Martin Misailovski (Göttingen / DE), Nikita Srivastava (Göttingen / DE), Sabine Blaschke (Göttingen / DE), Ralf Strobl (München / DE), Hani Kaba (Göttingen / DE), Milena Berens (Göttingen / DE), Andreas Beste (Göttingen / DE), Martin Kaase (Göttingen / DE), Andreas Leha (Göttingen / DE), Dhia Joseph Chackalackal (Göttingen / DE), Julia Chrampanis (Göttingen / DE), Jana-Michelle Kosub (Göttingen / DE), Uwe Groß (Göttingen / DE), Andreas Fischer (Göttingen / DE), Simone Scheithauer (Göttingen / DE)
Introduction: While machine learning algorithms are gaining popularity in clinical research, their feasibility as surveillance-related tools is still a work-in-progress.
Goals: To address this, we conducted a comprehensive evaluation of different machine learning models as survey-related tools for their performance on the example of the so-called Hospitalization Rate 2.0, which aims to differentiate cases admitted due to COVID-19 from incidental SARS-CoV-2 positive cases.
Methods: Single-center characterization of 345 patients hospitalized with a positive SARS-CoV-2 PCR test were included in the model development (Jan. 2022- June 2022).

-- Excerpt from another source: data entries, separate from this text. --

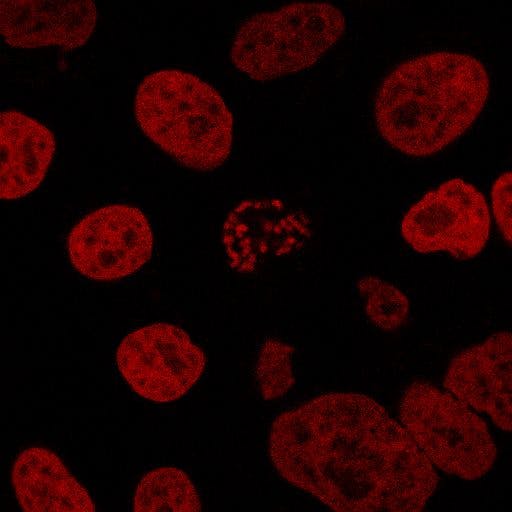 Micropilot analyzes low-res images, identifies cells or structures of interest, and then automatically instructs the microscope to start an experiment.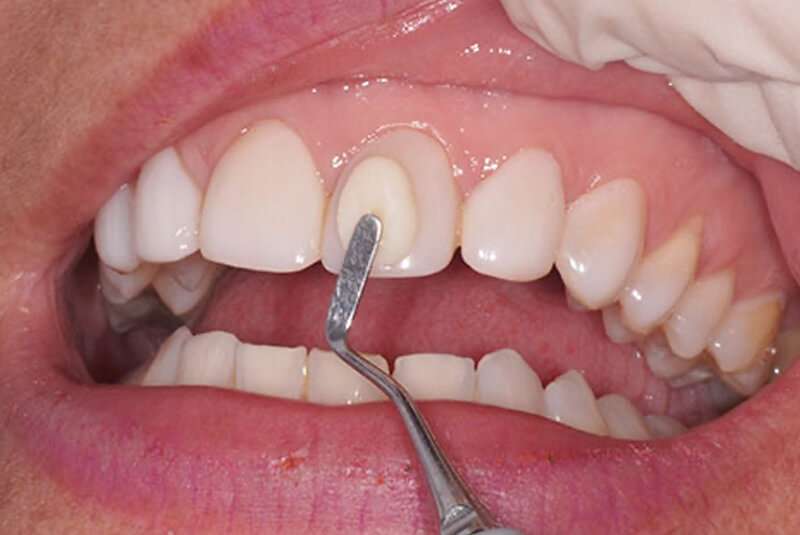 Carilla dental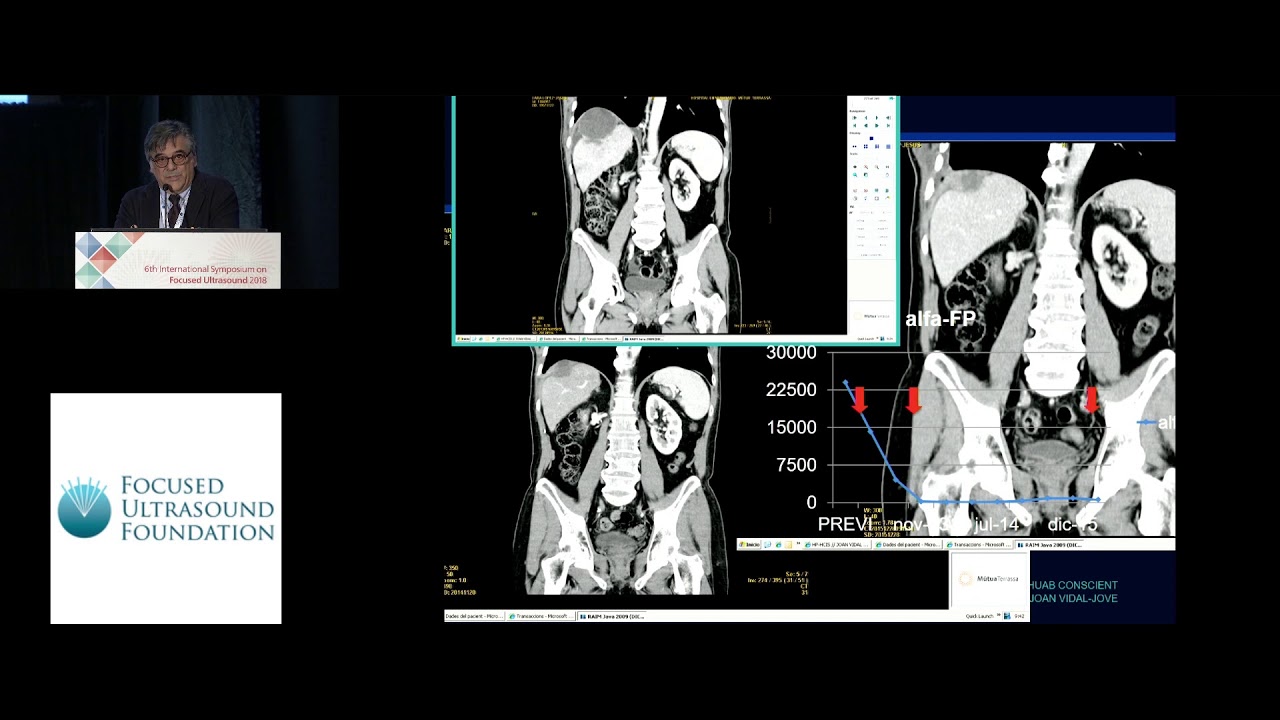 Joan Vidal Jove - FUS with ultrasound guidance in liver cancer (2018)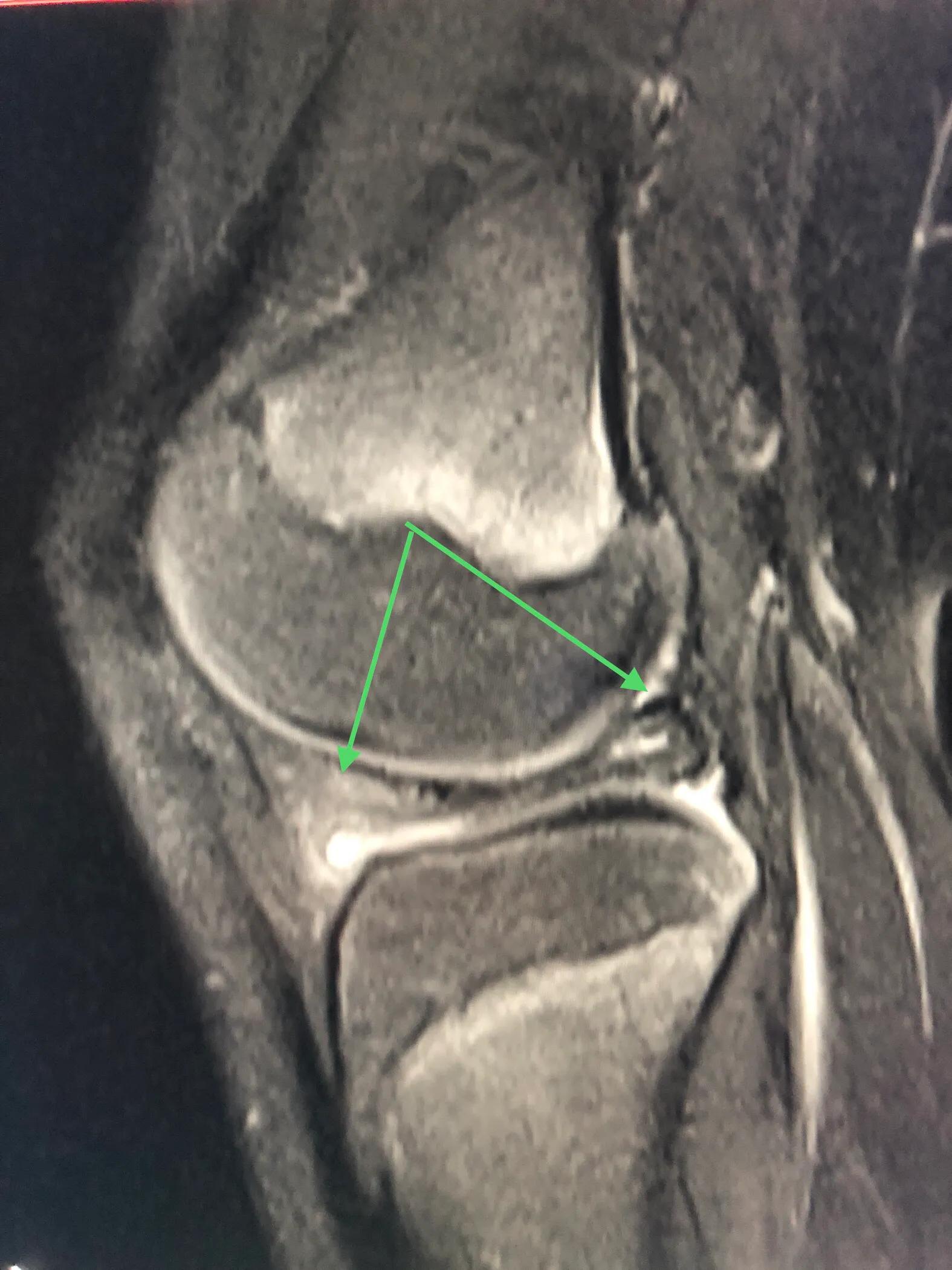 小构件大问题的膝关节半月板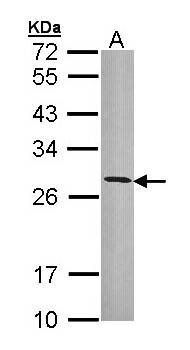 HLA-DRB3 Rabbit Polyclonal Antibody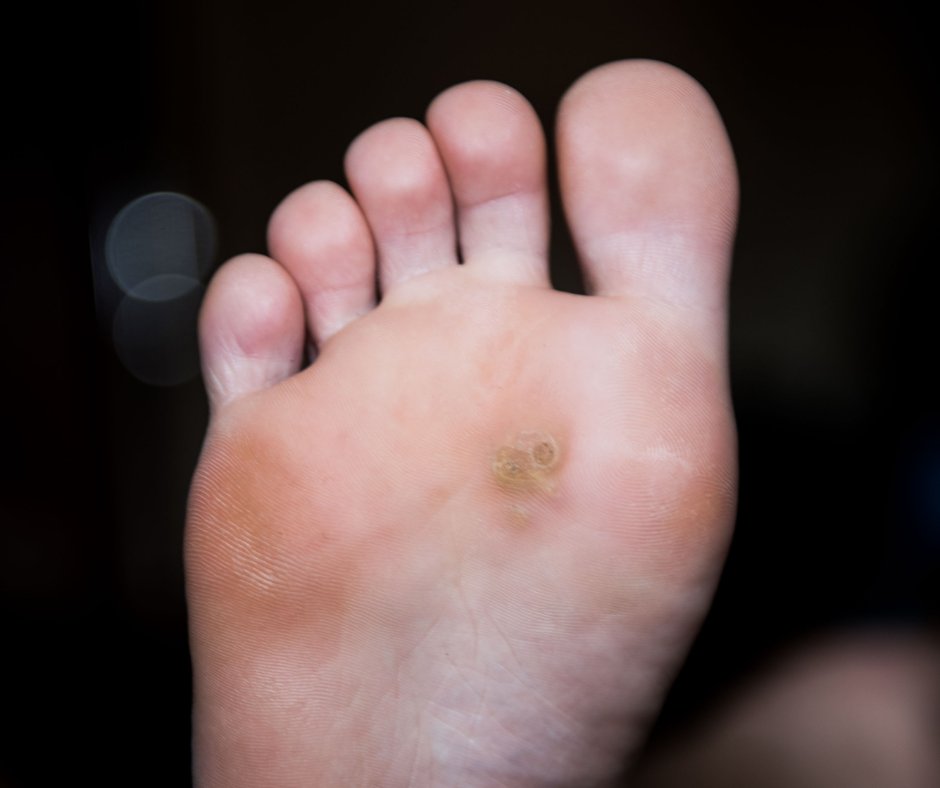 RossSCohenDPM's tweet photo. Calluses and corns might not be painful, but they sure are aggravating! Skip the at-home treatments and get professional care at The Foot and Ankle Center of Maryland. Give us a call today to learn more! https://t.co/itOVp8apGL https://t.co/PEZ8xEijLQ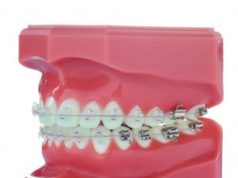 Особенности керамических брекетов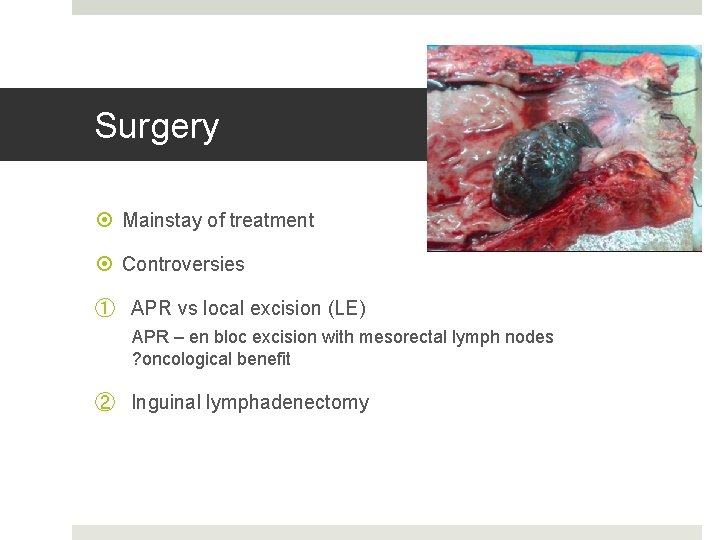 Surgery Mainstay of treatment Controversies ① APR vs local excision (LE) APR – en
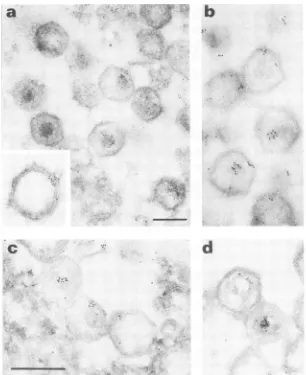 FIG. 5.withlabeled17K.G6, Postembedding immunolabeling of ASF virus particles with either MAb 17A.H2, specific for proteins p220 and p150, or MAb specific for protein p150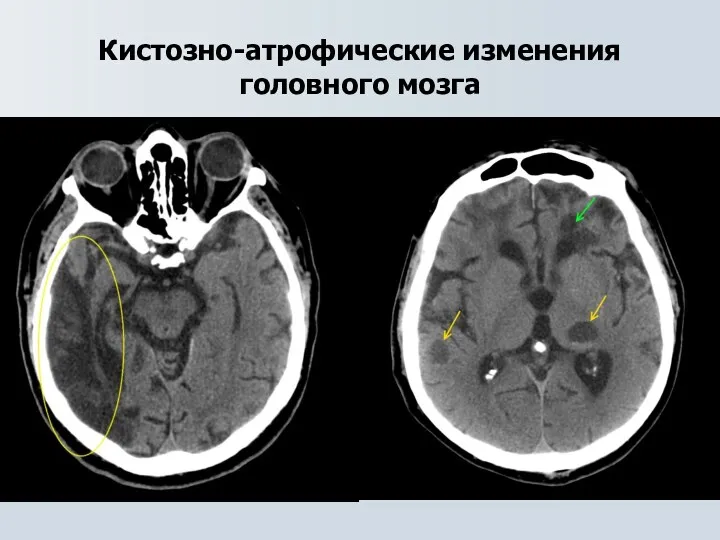 Кистозно-атрофические изменения головного мозга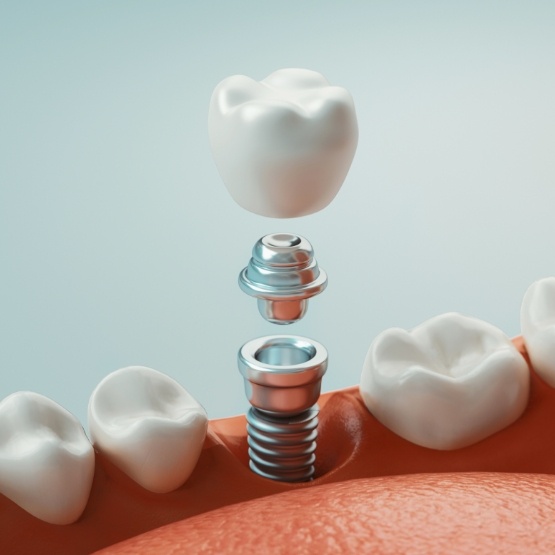Illustrated dental implant with crown and abutment being placed in lower jaw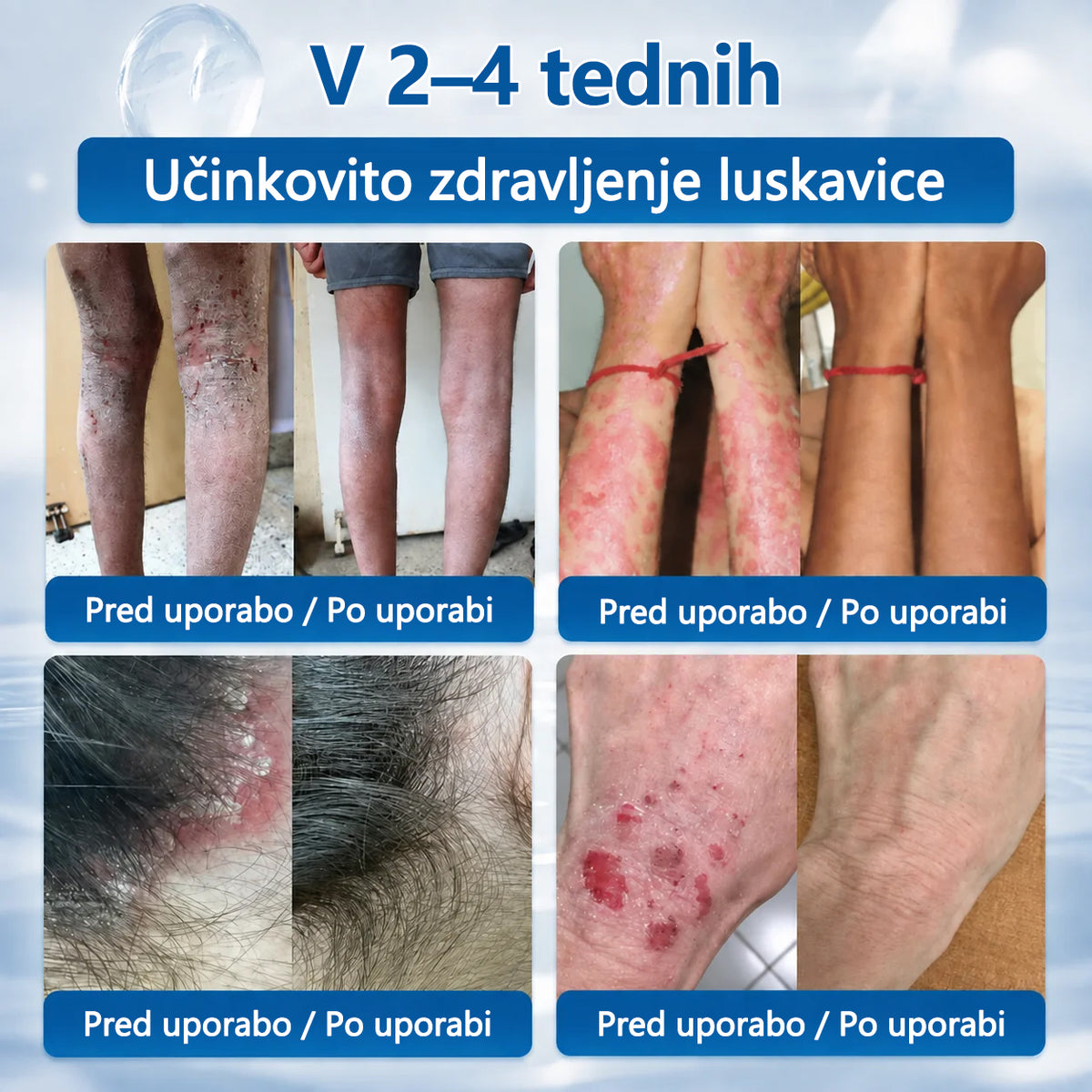 Mickey® Krema za izravnavo nepravilnosti na koži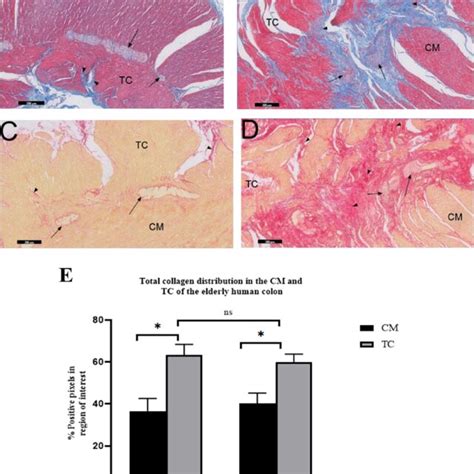 Quantification of total collagen fibres distribution in the Taenia coli ...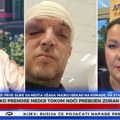 (Foto) Prva slika pretučenog Zorana Marjanovića: Oko mu je skroz zatvoreno, glava u zavojima, lice puno podliva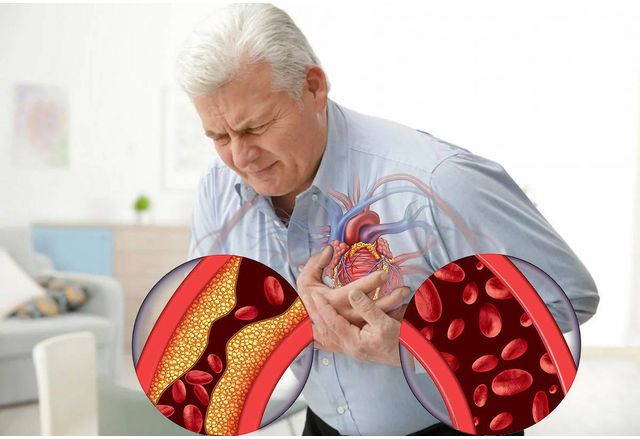 Европейската комисия ЕК представи плана Здрави сърца чиято цел е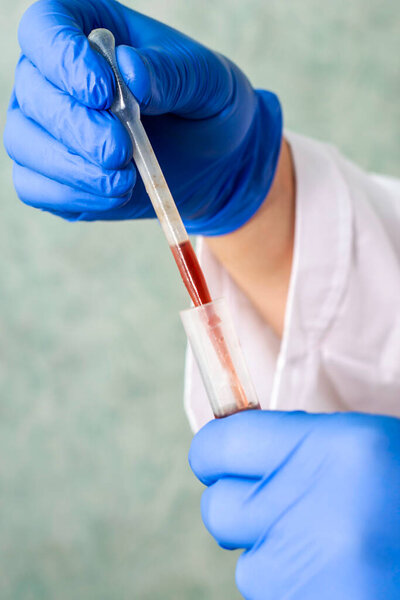 a medical worker in a white coat and blue gloves draws blood from a test tube with a pipette for analysis. High quality photo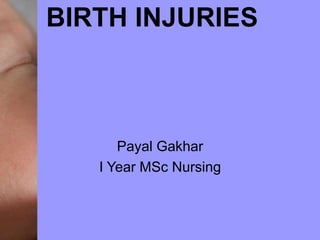BIRTH INJURIES
Payal Gakhar
I Year MSc Nursing
 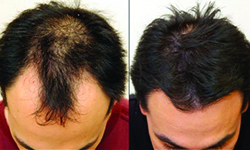 hair loss in men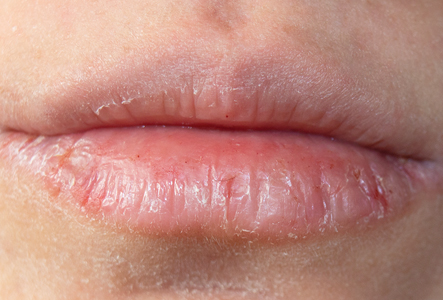 Detail Image Of Lips Nomer 48
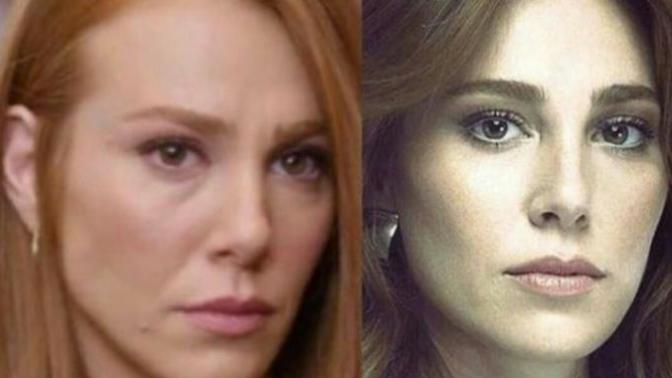Sizce Elçin Sangu'nun yüzünde estetik var mı?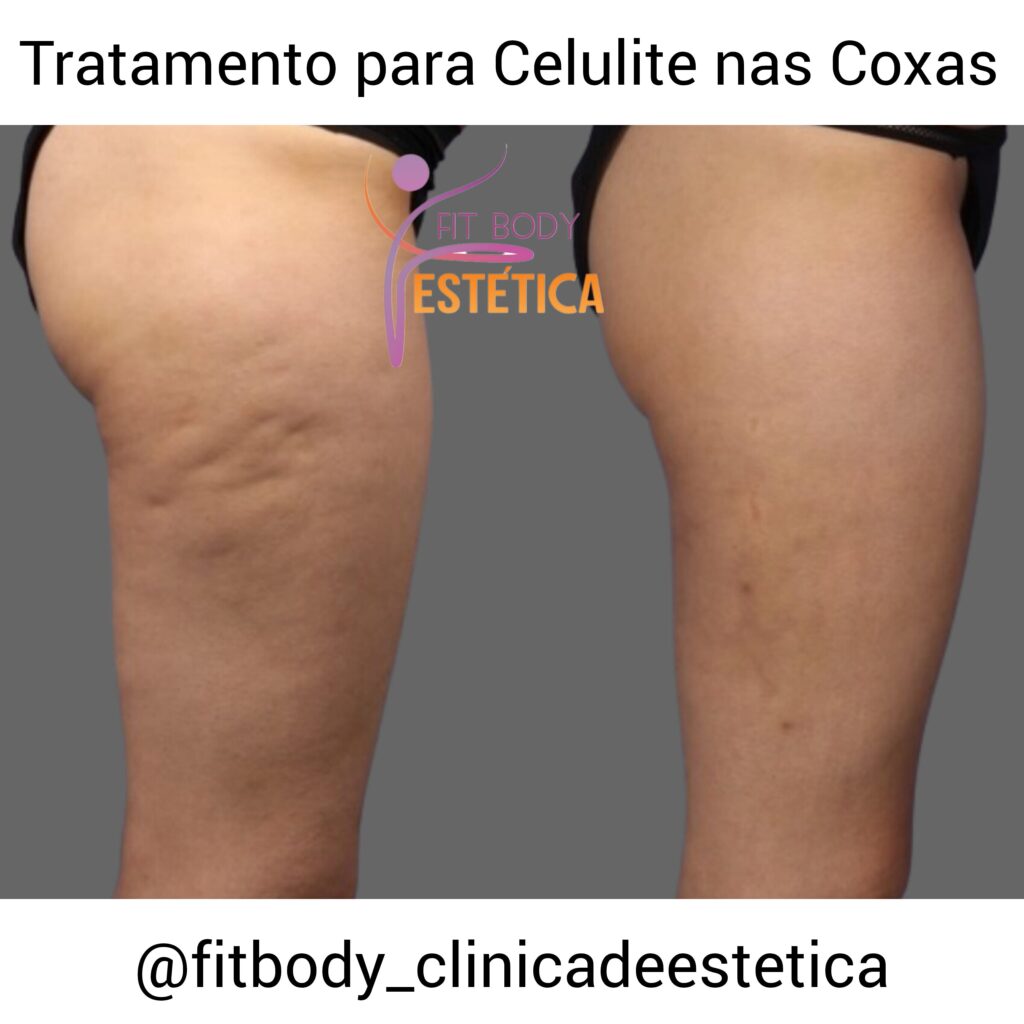Celulite nas Coxas Antes e Depois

Outcomes were defined as: Primary case (admitted due to COVID-19) and incidental case (admitted for another reason). A total of 6 models were applied including 3 linear models (Logistic Regression (LR)), Linear Discriminant Analysis (LDA), Support Vector Classification (SVC)) and 3 non-linear models (K-Nearest Neighbors (KNN), Random Forest (RF), Extreme Gradient Boosting (XGboost)). Models were then evaluated according to the "Area Under the Curve" of the "Receiver Operating Characteristic" (AUC-ROC), accuracy, precision, recall, F1-score, sensitivity, and specificity.
Results: Among the linear classifiers, LR showed the best performance over all metrics (accuracy (0.75), precision (0.74), recall (0.75), F1-score (0.74) and sensitivity (0.75)), followed by LDA and SVC which had better specificity values (0.83 and 0.86 respectively). From the non-linear classifiers, RF was superior to KNN in terms of accuracy, precision, recall, F1 score and sensitivity, while KNN had higher specificity. Of all the applied classifiers, the XGBoost model had the strongest discriminative ability with the highest accuracy (0.80), sensitivity (0.92), precision (0.82), recall (0.78) and F1 score (0.79).[sg1]
Summary: Our results indicated that the XGBoost model has better capability and accuracy than the other models applied for identifying primary cases. Implementation of such models as surveillance-related tools could be the very first step to count primary cases, and furthermore optimize resource allocation and hospital bed occupancy.